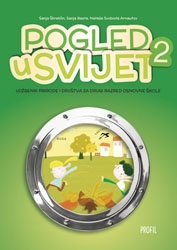 Pogled u svijet 2 : udžbenik prirode i društva za drugi razred osnovne škole + slikovni kalendar godišnjih doba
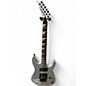Used Jackson DK2XR Silver Solid Body Electric Guitar thumbnail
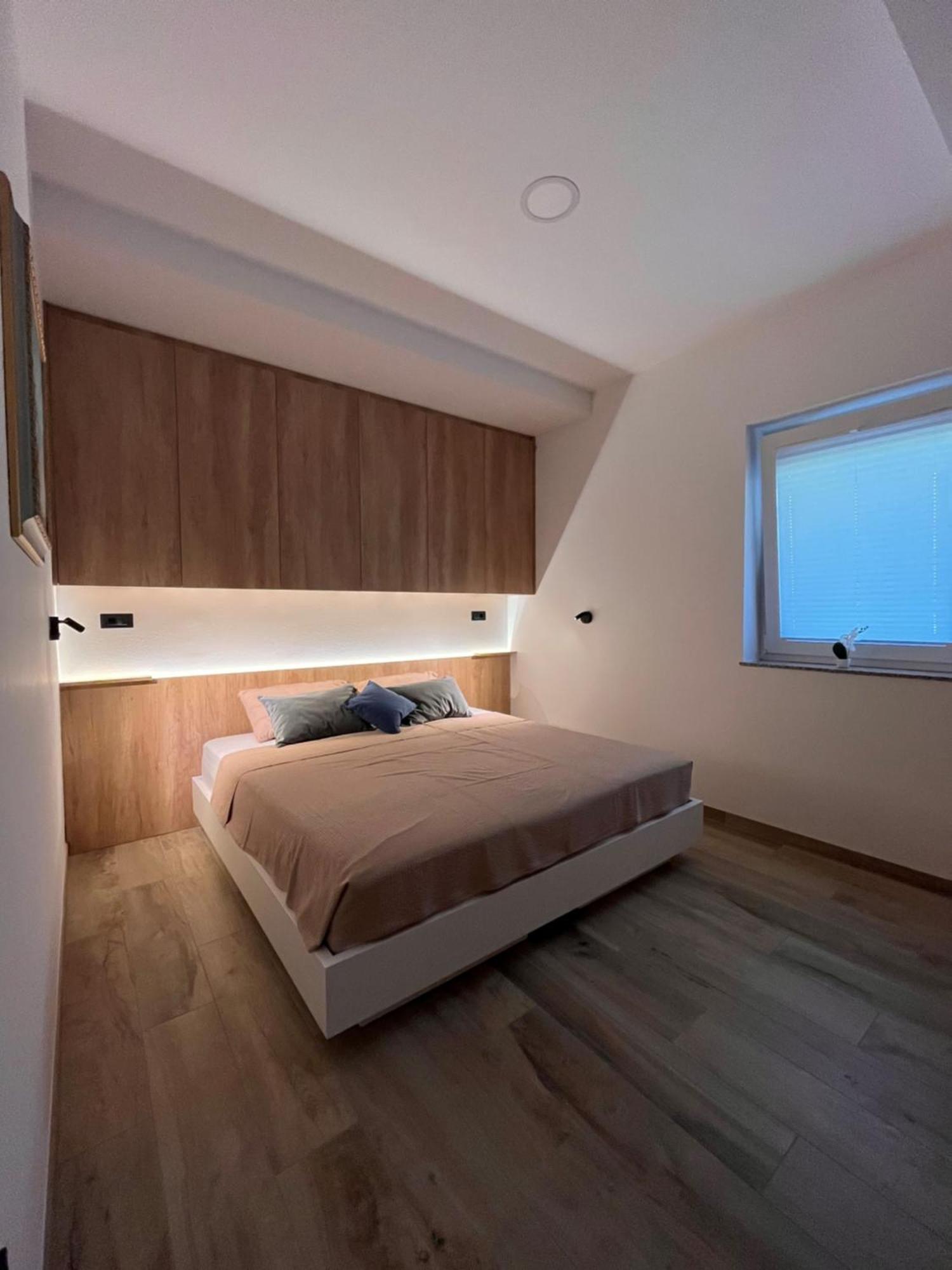 Apartma Nika Pobegi Exteriér fotografie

> PROBLEM DESCRIPTION
For this exercise, retype the listing above word for word and omit the pictures.

> WRITTEN SOLUTION
 Pogled u svijet 2 : udžbenik prirode i društva za drugi razred osnovne škole + slikovni kalendar godišnjih doba
Used Jackson DK2XR Silver Solid Body Electric Guitar thumbnail
 Apartma Nika Pobegi Exteriér fotografie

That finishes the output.